Mohamed will become the country’s first elected Somali-American mayor on Jan. 2, after she completes her term as a City Council member — a seat she won at 23, becoming the youngest person, the first Muslim and the first Somali-American to serve in that body. Her family migrated to Kenya after the civil war in Somalia, and she lived in the Kakuma refugee camp until she was about 10.
Election Day also brought mayoral milestones in Philadelphia, where Cherelle Parker became the first woman and the first Black woman to win the position, and in Wichita, Kan., where Lily Wu became the first Asian American elected to that office.
In St. Louis Park, whose population is 80 percent white, Ms. Mohamed centered her campaign on increasing homeownership and community policing. I recently spoke with her, and our conversation below has been condensed and lightly edited.
Was there a moment when you had a political awakening? Or did the need to become the change you wanted to see happen gradually?
2016. I was going to college, and I grew up with Michelle Obama and Barack Obama. I had only known a Black president, and one that ran on unity.
And then in 2016, here came this candidate who attacked the Somali community in Minnesota. Oh my gosh, is this politics in America?
It was my first time being able to vote in a presidential election. I remember feeling like I was not at ease. Is my face the kind that America wants?
So I started reaching out to my neighbors, organizations and our Police Department. I connected people and had those dialogues. Not only did it add to my sense of belonging, but other people felt like they belonged here, regardless of what was happening outside St. Louis Park. I was then asked to run for office. It opened up a possibility of political life and how I could make an impact.
The experience of that election was an awakening. I think a lot of people woke up.
You handily won this race. How did you get people interested in civic participation and build a coalition?
What really helped was reminding people that I grew up in St. Louis Park. I lived in many of the neighborhoods that I was door-knocking in during the campaign, and people recognized me and they knew the work that I was doing.
What was really inspiring was the college students and high school students going out after their classes and obligations. The older generations would see that and said it was amazing. We need the younger generation to be active in their civic duty and participate. We actually got the biggest turnout in St. Louis Park in at least 30 years.
What has been the biggest takeaway from your experience as an elected official?
Government is slow, and it should be slow.
When we are not beingintentional with our policies, we’re not doing our jobs right.

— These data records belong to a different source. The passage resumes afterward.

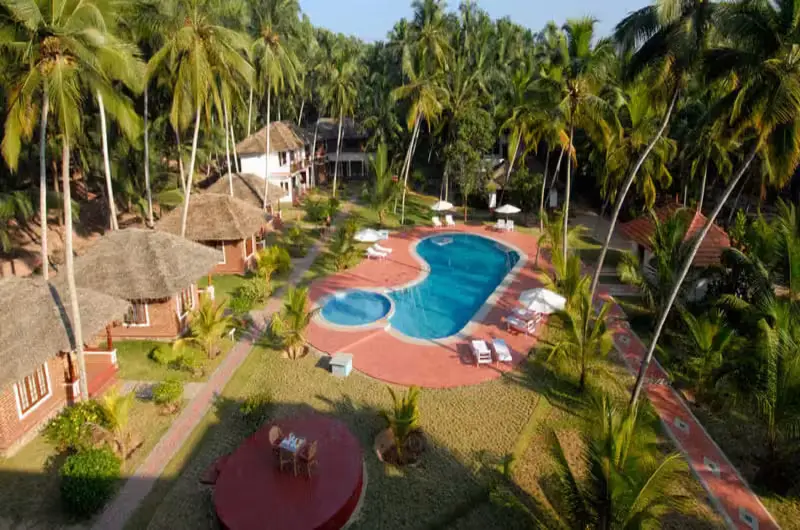 Luxury outdoor swimming pool courtyard with sunbeds at Abad Harmonia resort Kovalam.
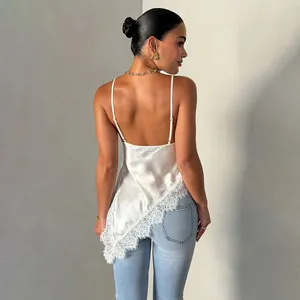 Detailed back view of a white satin camisole with delicate lace trim and backless design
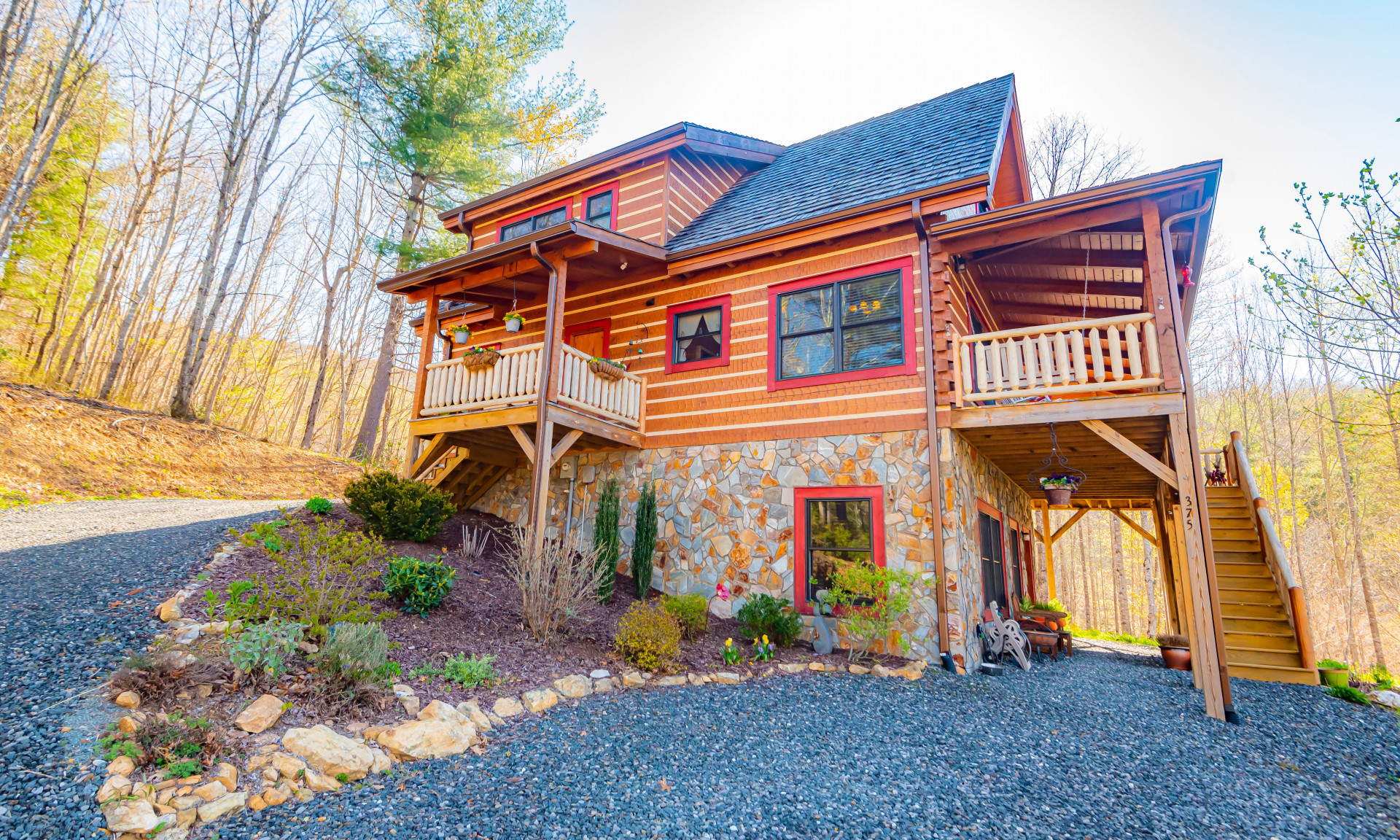 This 3-bedroom, 3.5-bath log cabin is majestically situated on a 2+ acre wooded setting in the Christmas Mountain community located in the Fleetwood area of Southern Ashe County.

Being fast is an easy route to making mistakes.
“This is a milestone — this is not the destination,” you said after your election. What do you mean by that?
It’s important to note that I’m Black, Somali-American, a woman. We still have so much work to do and often BIPOC elected officials don’t get their stories told beyond their identities.
I want people to be proud of the work that we’ve done. It’s a testament of how hard we worked as a community to be inclusive. And it’s just the first chapter.
The world doesn’t automatically become more equitable just because we have a person of color at the seat.
Black Americans live a complex existence when they live and go to work and go to school in spaces that are largely controlled by white people. Sometimes they can’t be their authentic selves. You appear to have overcome that challenge. If that is right, how do you think you resisted that tension?
Resisting that tension isn’t something that I’ve overcome. It’s something I will continue to experience, and I will use the people in my network, whether it’s my neighbors or colleagues, to help me fight that.
It’s also important to acknowledge that we have had our fair share of discriminatory policies in Minnesota. For example, we see higher rates of white Americans in St. Louis Park who own their homes versus people of color.
How we advocate and implement policies that lead to equitable impact starts with recognizing our history. Now we have a first-generation home buyers program. We have to be aware of who’s being impacted and what barriers remain. I’m in a unique spot where I have lived experience to be able to speak to that.
If you can be immodest for a moment, what can others learn from your life story and your successful campaign?
Honestly, even being immodest, I didn’t get here by myself. It takes a coalition who truly supports you. A little courage doesn’t hurt.
Who are your political role models?
I’ve spoken with mayors in the area who’ve offered their support and advice. But I’m more of a Maya Angelou girl. In my heart of hearts, I am a poet. It’s even in my Somali culture — we are a people of poetry and oral languages. She has long commented on the injustices of the world in a beautiful way. I take her with me everywhere I go.